“É bom sentir saudades, é sinal
que estamos vivos.” Repetiu-me inúmeras vezes o meu amigo nas primeiras
conversas que a internet nos permitiu. E com isto eu sorria por reconhecer
diversos significados carregados por esta simples frase. Dizendo isto ele
tentava desbloquear as minhas cordas vocais presas pela vontade de chorar ao
mesmo tempo que interpretava a sua própria dor por estar longe dos que ama. Sei
que para ele é mesmo assim, a saudade dá-lhe vida e só encontra energia nas
emoções fortes e cruas das quais se alimenta.
Com esta frase comecei a sentir a
saudade mais doce do que amarga. Ele tem razão, sentimos o pulsar do coração
com mais força sempre que a saudade nos bate à porta. Mas além disso sei que a
saudade e o amor andam de mãos dadas e quanto mais alto é o som da porta maior
é o amor que temos pela pessoa ausente.
Conheci este sentimento quando os
meus irmãos saíram de casa para estudar fora. O meu pai, seguindo o meu
soluçar, encontrava o corpo de menina encolhido atrás do sofá cinzento. Tentava
esconder a água salgada que corria dos meus olhos até ao chão. Muitas outras
lágrimas e bloqueios na garganta se seguiram, por todos os que amo
profundamente.
Há umas semanas atrás adormeci
abraçando uma t-shirt e repetindo a frase do meu amigo para abafar o som estridente
da porta. Sorri ao acordar. Percebi a intensidade do amor que nutro pelo meu
companheiro. “É tão bom sentir saudades” de uma forma tão intensa por alguém
que sabemos que vai regressar dentro de dois dias, alguém com quem partilhamos
o oxigénio do quarto e a temperatura média do leito todas as noites.

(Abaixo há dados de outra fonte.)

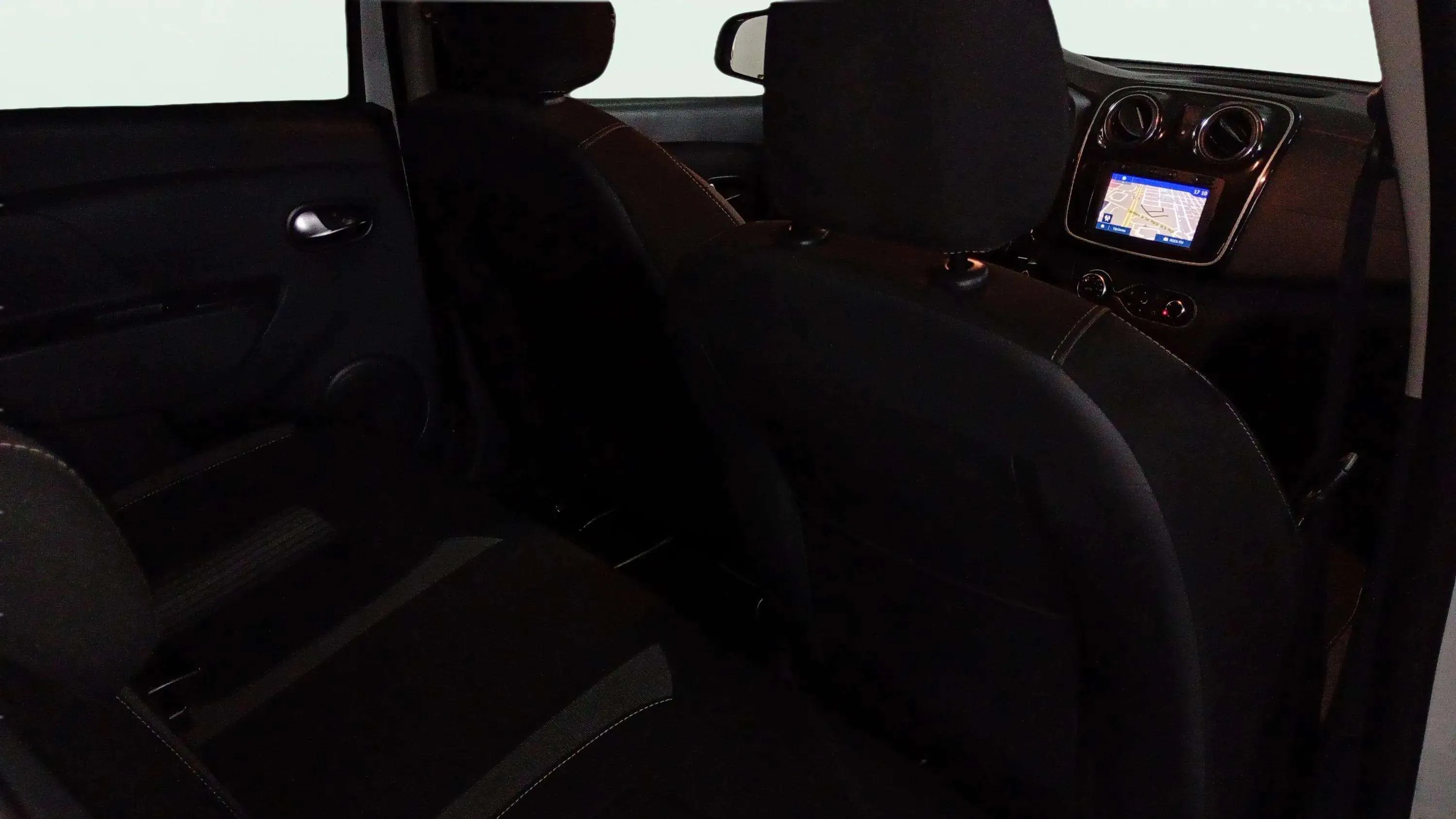 Dacia Sandero Ambiance dCi - foto 22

Reconhecemos assim um Amor maior do que qualquer paixão: o companheiro da nossa
vida; a pessoa por quem ouviremos eternamente o eco das batidas da saudade
mesmo que um dia não queira mais partilhar o oxigénio do nosso quarto.

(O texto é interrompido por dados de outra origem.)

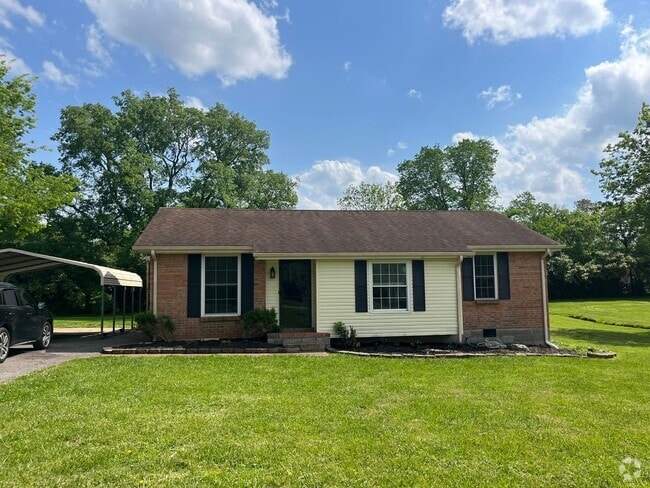 Building Photo - For Lease - 3 Bed, 1 Bath Home in the Hear...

Nessa mesma semana contemplei
umas fotografias dos meus avós paternos no ecrã do meu computador. Quem as
colocou na rede social estava longe de imaginar que os meus batimentos
cardíacos se sincronizavam com as gotas de água fundida pela saudade. Tive
poucos anos de vida partilhada com os meus avós mas as recordações e a herança
genética que deixaram no meu pai são suficientes para continuar a alimentar o
amor que sinto por eles.
Muitas vezes tenho saudades de
mim mesma. Contrariada pelas imposições da sociedade procuro perceber o que me
faz falta enquanto me submeto às ordens que indevidamente nos julgam. Amordaço
o meu ser para que não me achem conflituosa, retraio a minha espontaneidade
para que as minhas palavras não sejam interpretadas como as de uma pessoa
amargurada, dou menos de mim ao mundo com receio de multiplicar as cicatrizes
que outras vidas me deixaram… e tiro o combustível necessário para me aquecer e
energizar. Os ecos que ouço não me parecem as batidas da saudade (esta é muito
mais fácil de reconhecer quando é externa ao nosso próprio ser). São ecos mais estridentes,
ecos de culpa por não ser outra em vez de mim. Mas quando consigo sair da
espiral que me afunda percebo que afinal é a saudade de mim que me chama. E
então respiro profundamente e sorrio.